The ECP also stated that elections for the Upper House would be held through secret balloting and Returning Officers (ROs) have been instructed to ensure secrecy of ballots.
Polling for Senate elections would take place in the national and provincial assemblies on March 5.
The commission also notified the candidates that they could withdraw from elections by Wednesday noon.
According to the final list of candidates released by the ECP last week, 84 candidates would be contesting for 33 general seats, 21 for nine seats reserved for women, 18 for eight seats reserved for ulema and technocrats and eight for two seats reserved for non-Muslims.
Despite his party being in opposition, PPP Co-Chairman Asif Ali Zardari has once again emerged as a central player in the politicking taking place around the upcoming Senate elections.
Over the past couple of days, the heads of nearly all key political parties, including Pakistan Tehreek-i-Insaf (PTI) chief Imran Khan, have conferred with the former president, who had arrived in Islamabad last week, ahead of a government-convened multi-party conference on the proposed 22nd amendment.
An official statement issued by PTI Information Secretary Dr Shireen Mazari regarding Mr Khan’s conversation with the PPP co-chairperson created confusion in political circles.
Mazari claimed that Mr Khan had actually asked Mr Zardari to support the proposed amendment allowing open balloting in the Senate polls. She said Mr Khan had told the PPP leader that such an amendment would strengthen democracy and democratic norms in the country.

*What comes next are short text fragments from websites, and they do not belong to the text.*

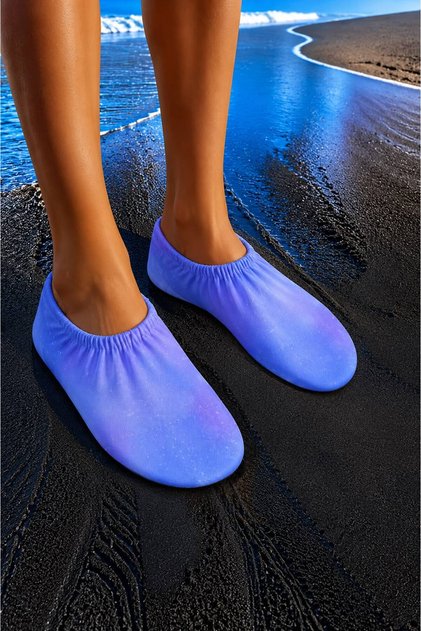 Non-Slip Sole, Girls' Shoes, Sea Shoes, Pool Shoes, Pool Shoes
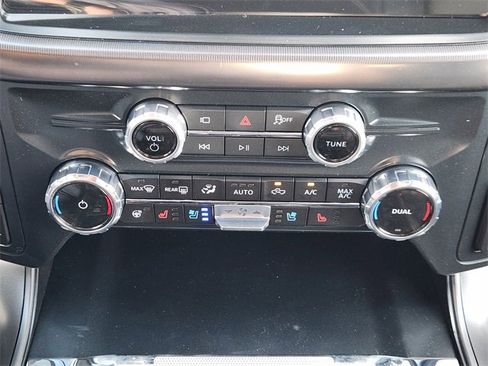 New 2026 Ford F150 Lariat w/ Equipment Group 502A High image 14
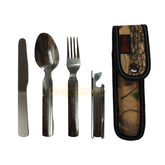 PISAU TABLE WARE (PI897)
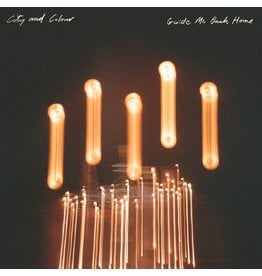 City and Colour - Guide Me Back Home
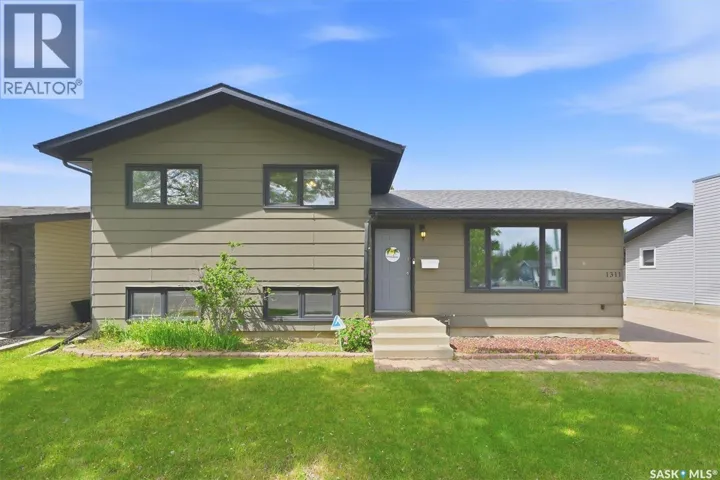 1311 Latrace ROAD, Saskatoon, Saskatchewan S7L6E4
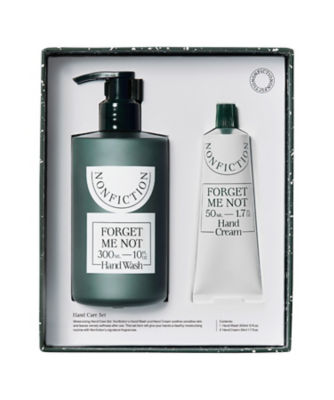  FORGET ME NOT Hand Care Set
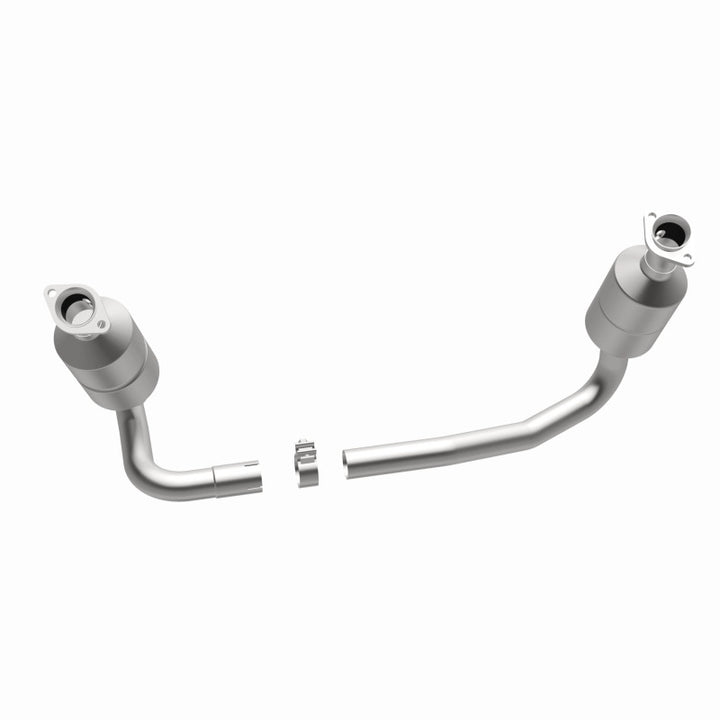 MagnaFlow Direct Fit Catalytic Converter 04 Dakota 3.7/4.7 2WD OEM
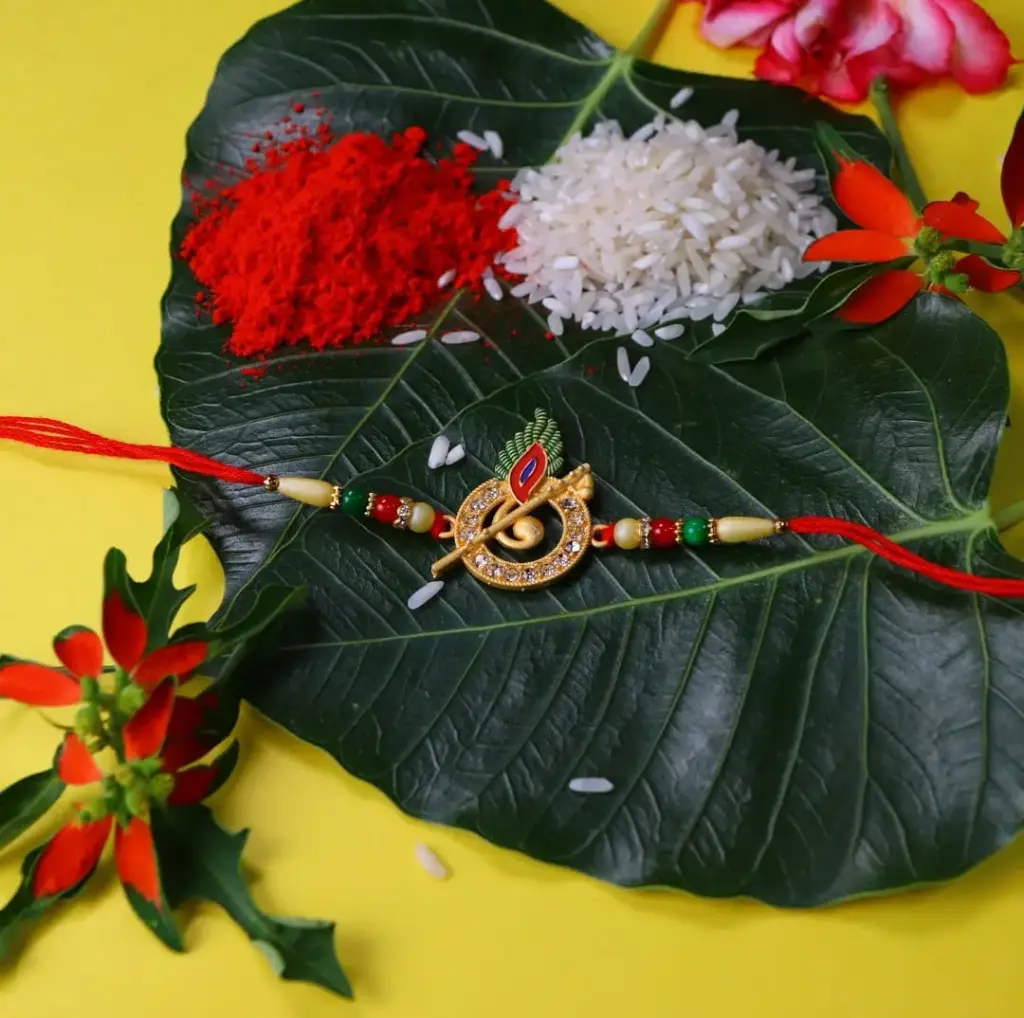 Flute & Feather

On the other hand, Mr Zardari’s spokesperson Senator Farhatullah Babar claimed that Mr Zardari was returning the PTI chief’s call, which he had been unable to receive. “It really doesn’t matter who made the call. This shows that all parties are equally concerned over the practice of the use of money in the Senate elections and want to discourage such practices,” he said, adding however, that the PPP was not ready to support the idea of open ballots for the Senate.